• _Work order_
Starting with the line that contains "this 725×853 image.", reproduce each line through the end of the entries exactly as written.

• _Given entries_

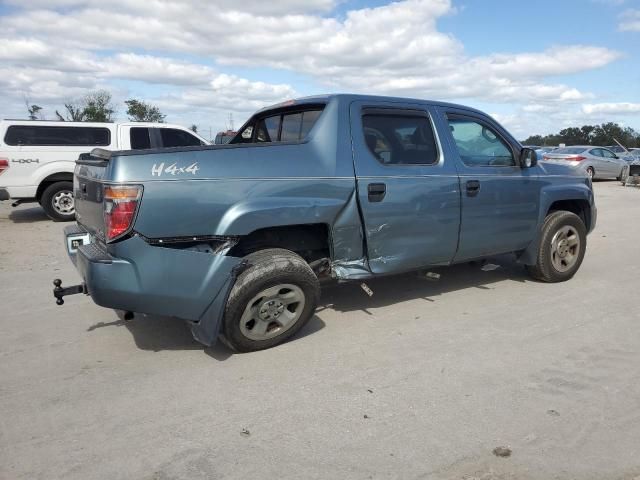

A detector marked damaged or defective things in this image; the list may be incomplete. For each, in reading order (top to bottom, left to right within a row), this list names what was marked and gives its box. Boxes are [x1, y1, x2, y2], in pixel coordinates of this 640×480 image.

dented body panel [63, 94, 596, 346]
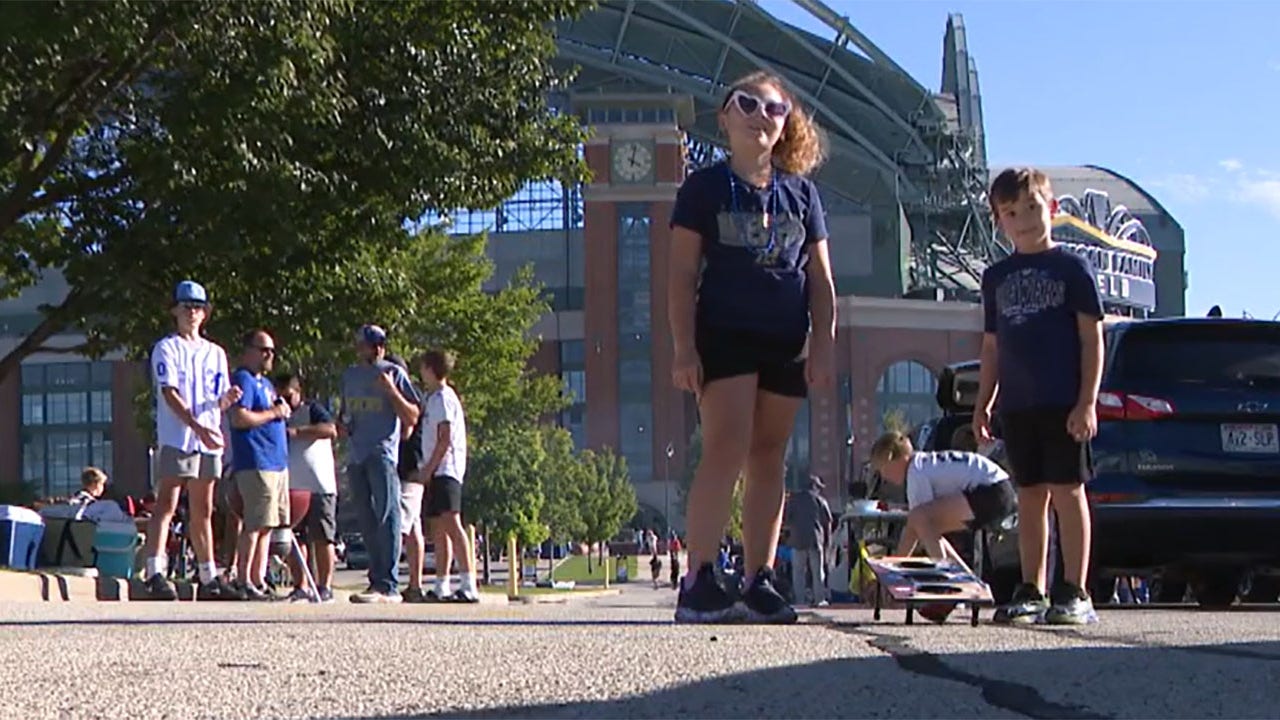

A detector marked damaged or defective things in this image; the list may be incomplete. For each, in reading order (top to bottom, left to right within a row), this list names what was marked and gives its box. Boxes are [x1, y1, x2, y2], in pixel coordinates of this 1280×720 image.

pavement crack [829, 622, 1111, 717]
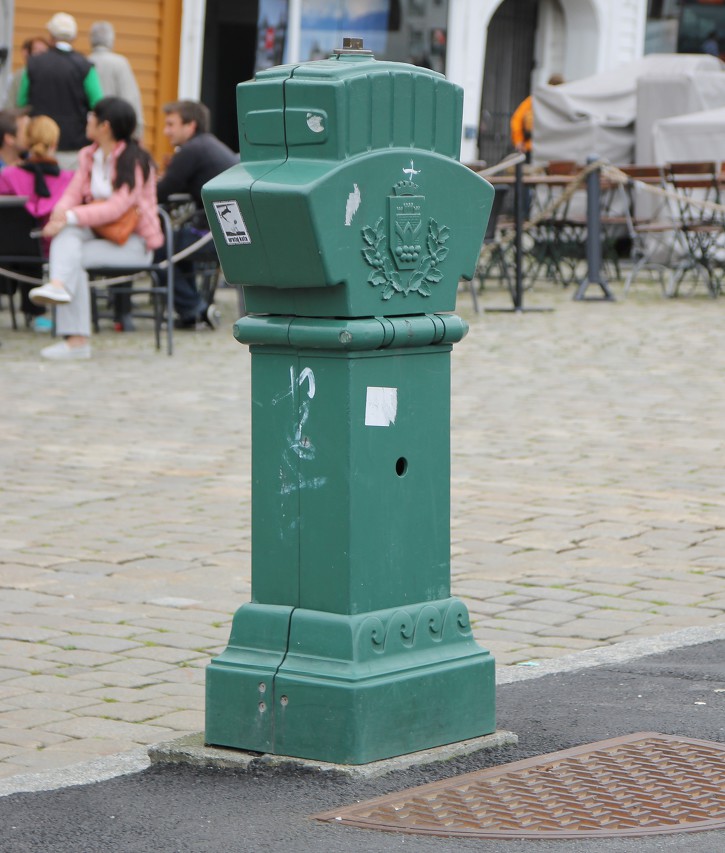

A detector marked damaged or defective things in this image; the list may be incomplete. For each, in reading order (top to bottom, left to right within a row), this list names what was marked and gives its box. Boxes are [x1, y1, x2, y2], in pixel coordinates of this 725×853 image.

brown rusty grate [314, 732, 724, 840]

• _Reply to the exercise_
A detector marked damaged or defective things in this image; the list may be incomplete. For each, in reading order (top to bottom, left to right within a row), this list names what was marked and gives its box. Boxes are [x1, y1, x2, y2], in pixel coordinates of this 725×853 image.

brown rusty grate [314, 732, 724, 840]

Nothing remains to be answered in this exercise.